Nicht hilfreich: Merkel und Seehofer an Bord der Titanic
Es hängt vor allem von Deutschland ab, ob die EU effektive Maßnahmen zur Abwehr der Massenmigration setzt. Aber leider ist es selbst ein Teil des Problems.
Der Konflikt zwischen Angela Merkel und ihrem Innenminister, Horst Seehofer, von der Schwesterpartei CSU hat etwas Gespenstisches. Es ist, als stritten sich an Bord der Titanic zwei Installateure darüber, wie sie ein tropfendes Wasserrohr reparieren könnten. Ob die deutsche Polizei Migranten an drei (!) Grenzübergängen zu Österreich kontrollieren und gegebenenfalls zurückschicken soll, ist nämlich von geradezu lächerlicher Geringfügigkeit.
Die sogenannte Sekundärmigration nach Deutschland, mit der Merkel und Seehofer fertigwerden müssen, ist die lecke Wasserleitung im Inneren des Schiffes. Die wirkliche Herausforderung aber besteht darin zu gewährleisten, dass die EU an den Stoßwellen der Massenmigration nicht ebenso zerbricht wie der Rumpf der Titanic an einem Eisberg.
Seit 1990 hat sich die Zahl der grenzüberschreitenden Migranten nahezu verdoppelt.
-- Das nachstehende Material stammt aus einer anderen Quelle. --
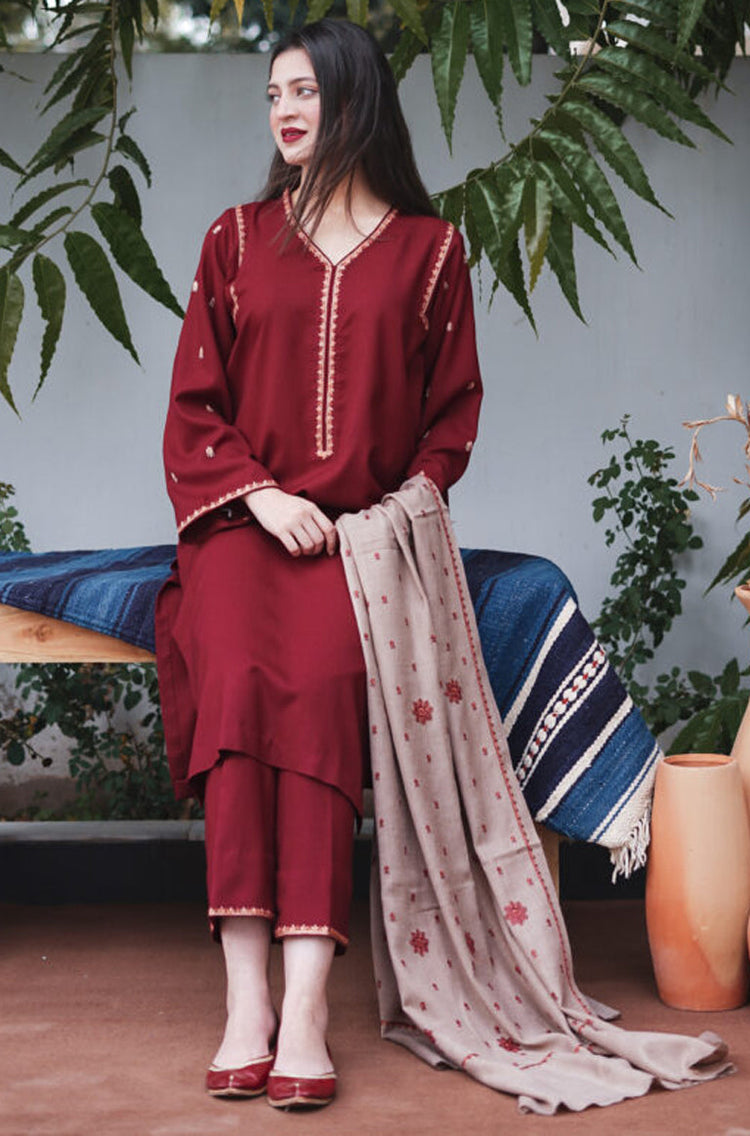 AiSLING-3PC DHANAK EMBROIDERED SHIRT DHANAK EMBROIDERED SHAWL AND EMB TROUSER-DPC-4237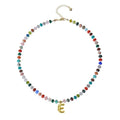 European American 26 Bubble Letter Unisex Gold Plated Silver Quartz Pendant Bohemian ABACUS Beads Necklace Natural Jewelry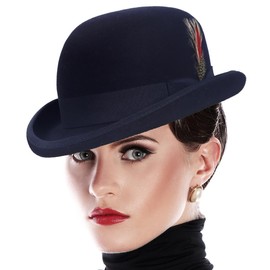 VECRY Wool Fedora Hats for Men Women Felt Church Bowler Derby Hat (Navy,M)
Der Druck, der sich da immer schneller aufbaut, ist enorm. Vor fünf Jahren ergab eine weltweite Gallup-Umfrage, dass 630 Millionen emigrieren würden, falls sie dazu die Gelegenheit hätten. In der jetzt gerade veröffentlichten Umfrage waren es bereits 710 Millionen, das sind 14 Prozent der Weltbevölkerung. 147 Millionen gaben die USA als ihr Wunschziel an, 39 Millionen Deutschland, 35 Millionen Großbritannien. Allen Beschwichtigungen zum Trotz hält die Massenwanderung an – sie wird langsamer, wenn neue Barrieren errichtet werden, und sie nimmt sofort Fahrt auf, wenn Wege entdeckt werden, Barrieren zu umgehen.
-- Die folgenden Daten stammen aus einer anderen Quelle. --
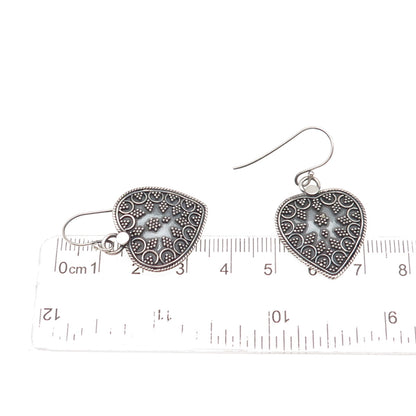 925 Sterling Silver Vintage Heart Granulated Oxidized Dangle Earrings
Vergangene Woche berichtete die österreichische Außenministerin in einer Talkshow des ZDF vor sichtlich verblüfften deutschen Politikern über die Folgen der Aufhebung der Visumpflicht in Serbien für iranische Migranten. Die steigen jetzt in Belgrad in ein Flugzeug nach Deutschland. Dort rufen sie „Asyl“, und – Simsalabim! – das Tor zum Sozialparadies öffnet sich. Karin Kneissl hat recht, „2015 war kein Strohfeuer“. Es wird sich wiederholen, wenn die Schengen-Außengrenzen nicht wirksam gesichert werden. Die Migranten wollen nicht irgendwohin nach Europa, sie wollen nach Deutschland. Das liegt nicht nur an der fatalen Anordnung Merkels und ihres Adlatus Werner Faymann vom September 2015, die Grenzkontrollen zu sistieren. Diese nationales und europäisches Recht umgehende Entscheidung hat die Massenmigration zwar enorm beschleunigt, aber sie hat sie ebenso wenig verursacht wie das „freundliche Gesicht“der Kanzlerin auf Selfies von Syrern und Afghanen.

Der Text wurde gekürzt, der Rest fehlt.